2. Results and Discussion

2.1. Analysis of Experimental Results

Figure 1 shows the comparison results of the permeability between the steady-state method and the pulse decay methods in 16 shale samples. In Figure 1a, the test results of the steady-state method and pulse attenuation method are set as a limit of 1 × 10–1 mD. When the permeability is greater than 1 × 10–1 mD, the permeability test results are basically the same. As shown in the log–log coordinate diagram in Figure 1b, the lower the permeability of shale, the larger the error between the two kinds of permeability. For example, the corresponding pulse permeability of rock samples with the Klinkenberg permeabilities of 0.0146 and 0.3587 mD is 0.0005 and 0.3946 mD, respectively, and the mutual error calculated based on the Klinkenberg permeability is 96.84 and 10.02%, respectively.

Figure 1.

Figure 1

Comparison of permeability between the steady-state method and the pulse decay method: (a) comparison of permeabilities as measured by the two methods; (b) relative error of permeability measured by two methods.

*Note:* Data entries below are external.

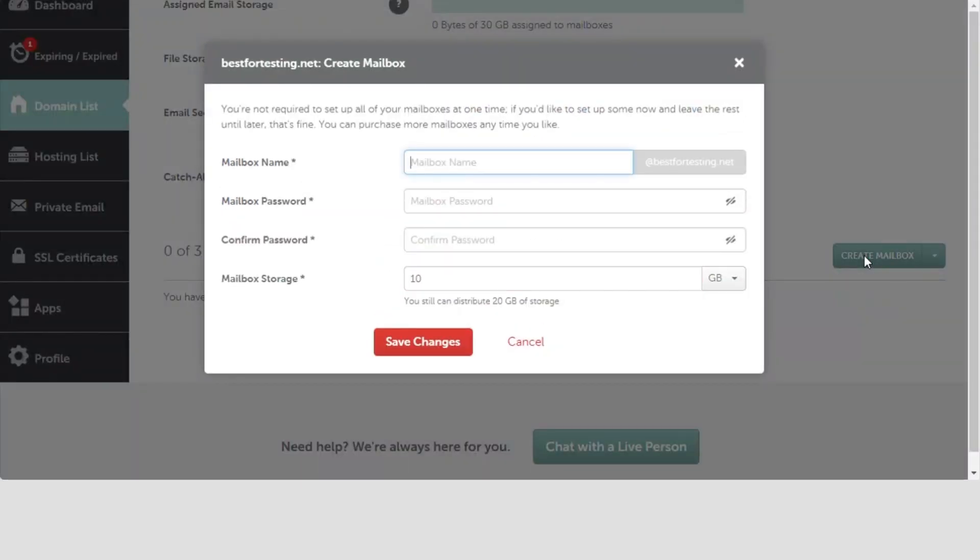In the Mailbox Name field, you need to enter the local part of your email address without the domain part. For example, your name. Only use lowercase in this field.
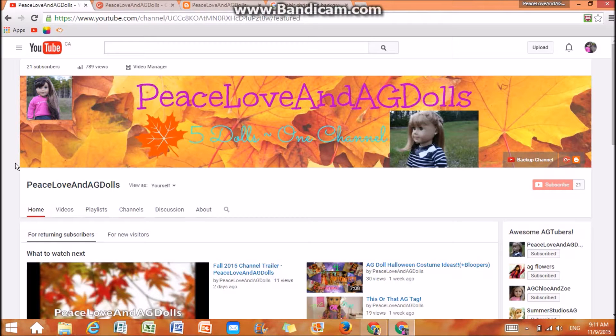Hey guys, it's Anna, and today's video is going to be on how I edit my channel art, so let's just get started.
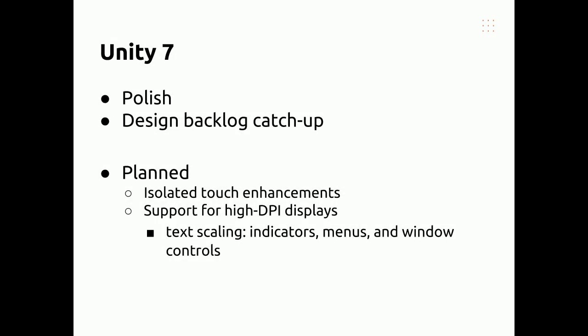For Unity 7, which remains the default desktop, it's about polish and burning through the design backlog. This means we're going to make high gain improvements, we're not going to be making wholesale feature changes. We've also planned, although we're awaiting final go ahead on this, to make isolated touch enhancements and do limited support for high DPI displays.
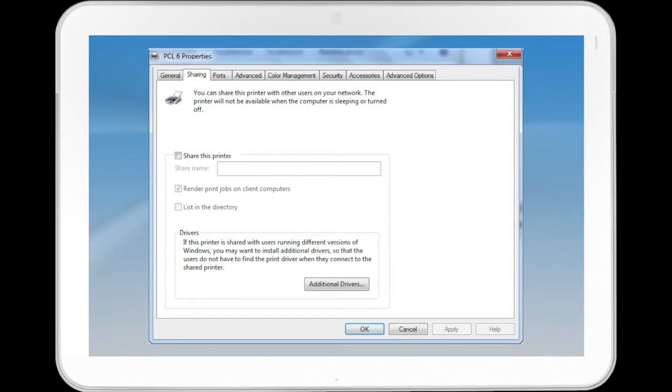The Sharing tab contains Share This Printer checkbox, Share Name, Render Print Jobs on Client Computers, List and Directory, and Additional Drivers button.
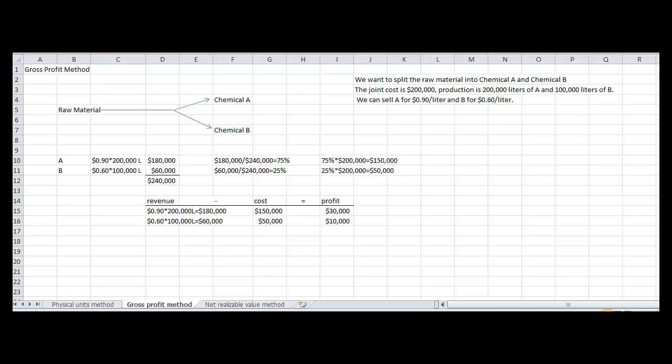We want to allocate the $200,000. We have 200 liters of A and 100 liters of B, and we sell A for $0.90 per liter and B for $0.60 per liter. So now we want to multiply $0.90 by 200 liters to get $180,000 for chemical A. For chemical B, we'll multiply $0.60 by 100 liters to get $60,000. We'll add those together to get $240,000. Now to prorate it, you will divide $180,000 by $240,000 to get 75% for chemical A. For chemical B, you will divide $60,000 by $240,000 to get 25%.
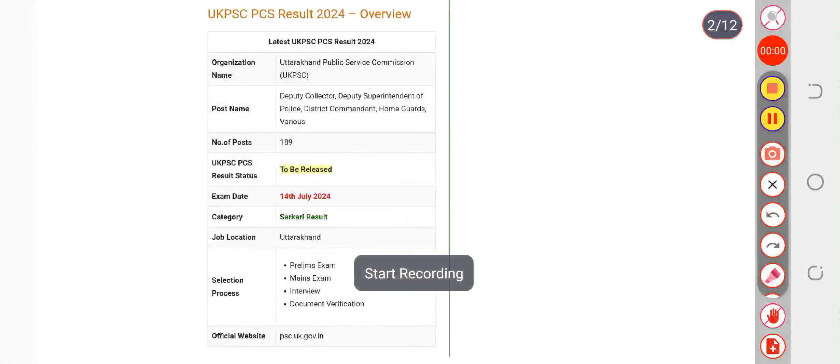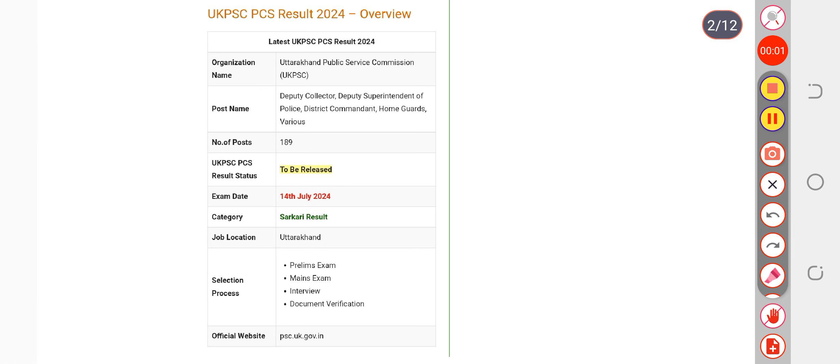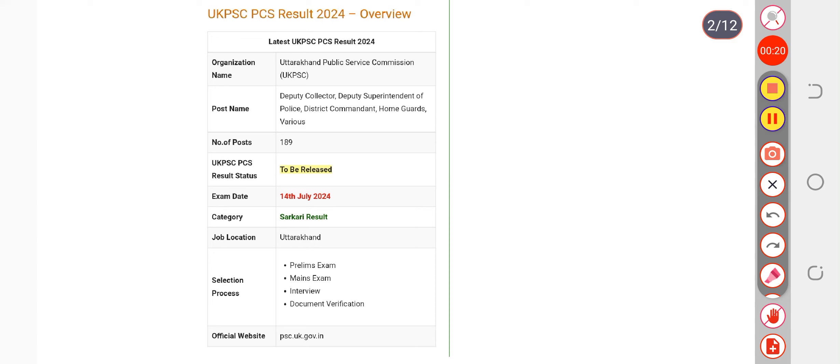Good news from UKPSC for PCS candidates. UKPSC has completed more than 50% of the checking procedure, and for the remaining procedure, they will take at least 15 more days. As soon as they complete the checking procedure, many more things...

Combined with Figures 1 and 2, it can be seen that the relative errors of the two kinds of permeability increase with the decrease of the steady-state permeability. Statistics show that the relative errors of steady-state permeability and pulse permeability of 17 shale cores range from 1.84 to 96.84%, with an average value of 45.83%. When steady-state permeability is greater than 1 × 10–1 mD, the relative error of the two permeability is greater than 63.21%. When the permeability is less than 1 × 10–1 mD, the relative error of the two kinds of permeability is less than 28.40%.

Figure 2.

Figure 2

Relationship between relative errors and steady-state permeability.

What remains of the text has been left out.